ABOUT THIS EXERCISE:
Collect all lines containing the word "have" from the data.

SUPPLIED INFORMATION:
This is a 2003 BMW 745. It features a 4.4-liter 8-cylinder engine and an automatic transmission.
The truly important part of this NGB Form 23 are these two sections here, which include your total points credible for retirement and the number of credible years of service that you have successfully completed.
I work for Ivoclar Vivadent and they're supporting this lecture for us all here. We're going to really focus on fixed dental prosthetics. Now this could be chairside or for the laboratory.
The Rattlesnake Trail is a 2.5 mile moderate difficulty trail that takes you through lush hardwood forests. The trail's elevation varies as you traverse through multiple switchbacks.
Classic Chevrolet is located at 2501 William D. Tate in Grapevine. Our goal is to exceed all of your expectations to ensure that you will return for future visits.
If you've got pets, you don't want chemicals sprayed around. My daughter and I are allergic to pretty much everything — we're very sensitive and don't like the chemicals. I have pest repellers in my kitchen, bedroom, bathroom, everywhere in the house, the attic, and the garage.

...

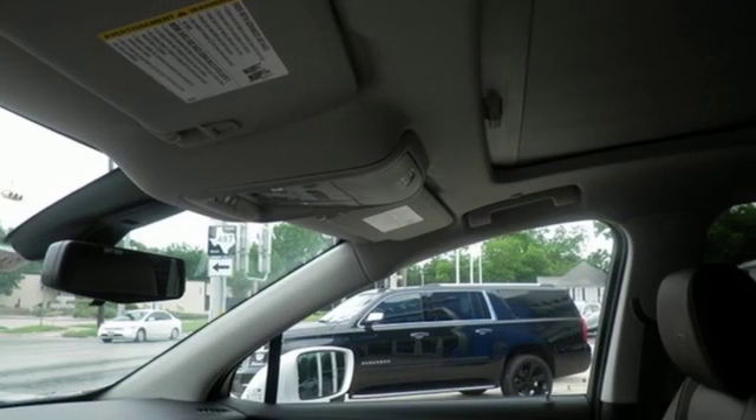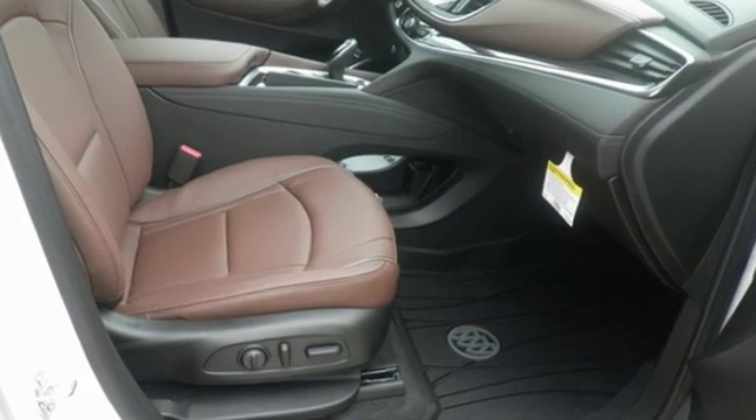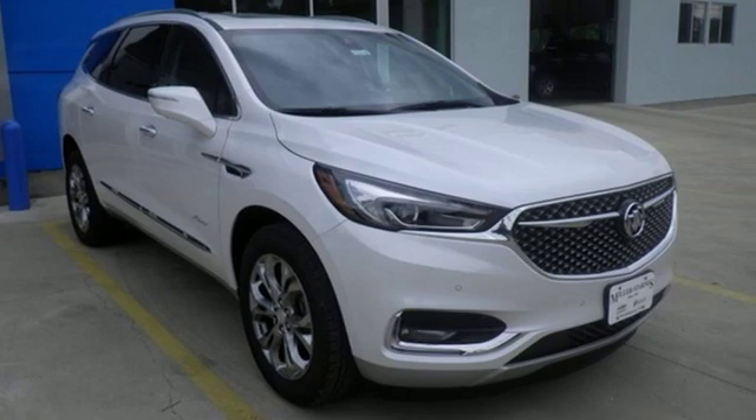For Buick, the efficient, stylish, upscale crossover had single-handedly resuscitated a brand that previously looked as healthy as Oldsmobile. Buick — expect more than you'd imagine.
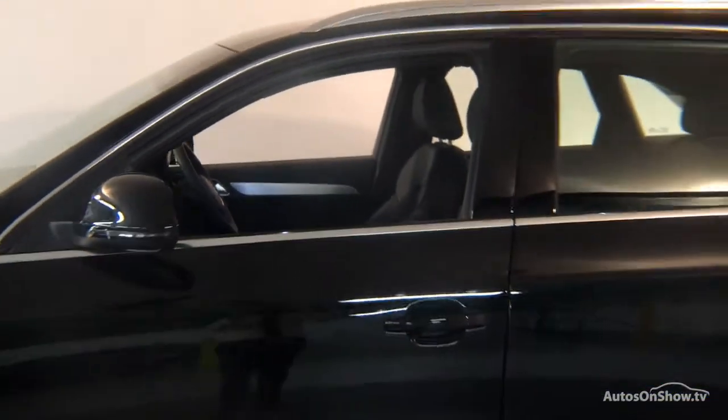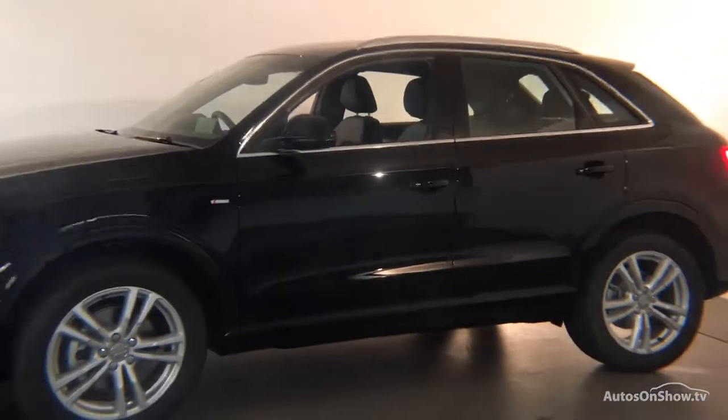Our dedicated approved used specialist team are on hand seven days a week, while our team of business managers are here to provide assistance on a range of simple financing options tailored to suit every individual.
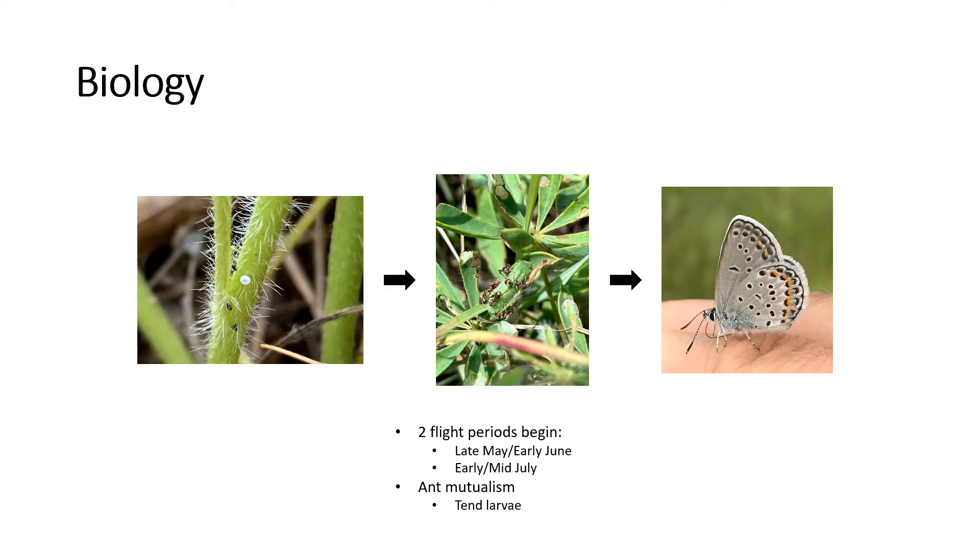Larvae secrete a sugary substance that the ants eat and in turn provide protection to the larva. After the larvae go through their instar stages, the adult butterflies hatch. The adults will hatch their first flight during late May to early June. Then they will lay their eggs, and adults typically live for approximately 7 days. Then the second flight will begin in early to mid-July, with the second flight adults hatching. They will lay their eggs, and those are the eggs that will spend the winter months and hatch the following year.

EXERCISE RESPONSE:
The truly important part of this NGB Form 23 are these two sections here, which include your total points credible for retirement and the number of credible years of service that you have successfully completed.
If you've got pets, you don't want chemicals sprayed around. My daughter and I are allergic to pretty much everything — we're very sensitive and don't like the chemicals. I have pest repellers in my kitchen, bedroom, bathroom, everywhere in the house, the attic, and the garage.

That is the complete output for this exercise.